In March of 1997, Jessye Norman was honored by New York's Associated Black Charities at the 11th Annual Black History Makers Awards Dinner for her contributions to the arts and to African American culture. She received a Kennedy Center Honor from President Bill Clinton on December 7, 1997. In 1999 she collaborated with choreographer-dancer Bill T. Jones in a project called "How! Do! We! Do!" at the Lincoln Center in New York City. This was described in American Visions as, "At once extraterrestrial, rooted in terra firma and divine ... a fusion of music, poetry and dance [that] provided both artists with an extraordinary opportunity, in the words of poet Frank O'Hara, 'to do something grand.'"
In 2000 Norman released an album of the songs of Michel Legrand, called I Was Born in Love with You, with Legrand on piano, Ron Carter on bass, and Grady Tate on drums. Patrick O'Connor said of Norman in New Statesman, "Norman has constantly changed direction, embracing microphone technique for Duke Ellington and Michel Legrand, and last year giving the world premiere of Judith Weir's ... cycle, commissioned by Norman, [which] exploited the singer's voice at its best, concentrating on the middle range, with just a couple of excursions high and low, as if to prove that she still has the power." In February and March of 2001 Norman was featured at Carnegie Hall in a three-part concert series; she was accompanied by James Levine. The concerts were a notable arts event and the 80-page program booklet included a watercolor portrait of Norman specially commissioned by David Hockney.

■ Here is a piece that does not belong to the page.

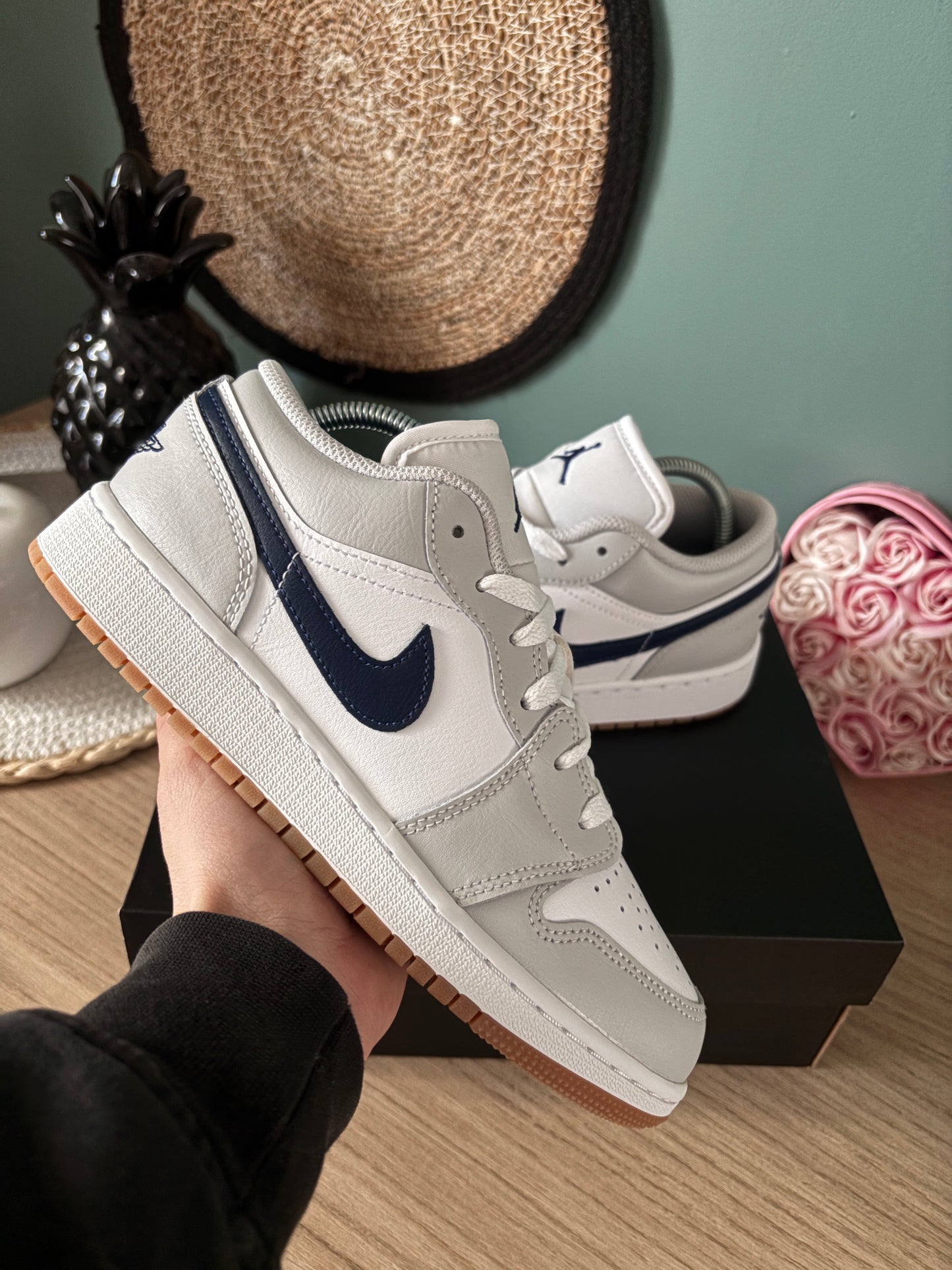 Air Jordan 1 Low “White / Neutral Grey / Gum Midnight Navy” (GS) – Photos réelles – En stock 🇫🇷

On March 11, 2002, Jessye Norman was heard performing a somber rendition of "America the Beautiful" at a memorial service unveiling two monumental columns of light at the site of the former World Trade Center, as a memorial for the victims of the September 11, 2001, terrorist attacks on New York City.
Further Reading
- Little biographical material is available on Jessye Norman in readily accessible publications. Several articles appeared in Opera News between 1980 and 1985. Of these, the issue of December 24, 1983, contains a good review by R. Jacobson of her New York debut. The February 18, 1984, issue includes a revealing interview by Martin Mayer; her New York debut was also covered in the New York Times by John Gruen, September 25, 1983; Vanity Fairdid an in-depth study of her in February 1989. She is listed in the International Encyclopedia of Music and Musicians(1975); and in the 1988 The New Penguin Guide to Compact Discs and Casettes. She was also profiled in the documentary film Jessye Norman, Singer: Portrait of an Extraordinary Career, Malachite Productions, 1991. "How! Do! We! Do!" critique quoted from the American Visions issue of October 1999. Patrick O'Connor's critical essay, "In full bloom," appeared in New Statesman, July 30, 2001.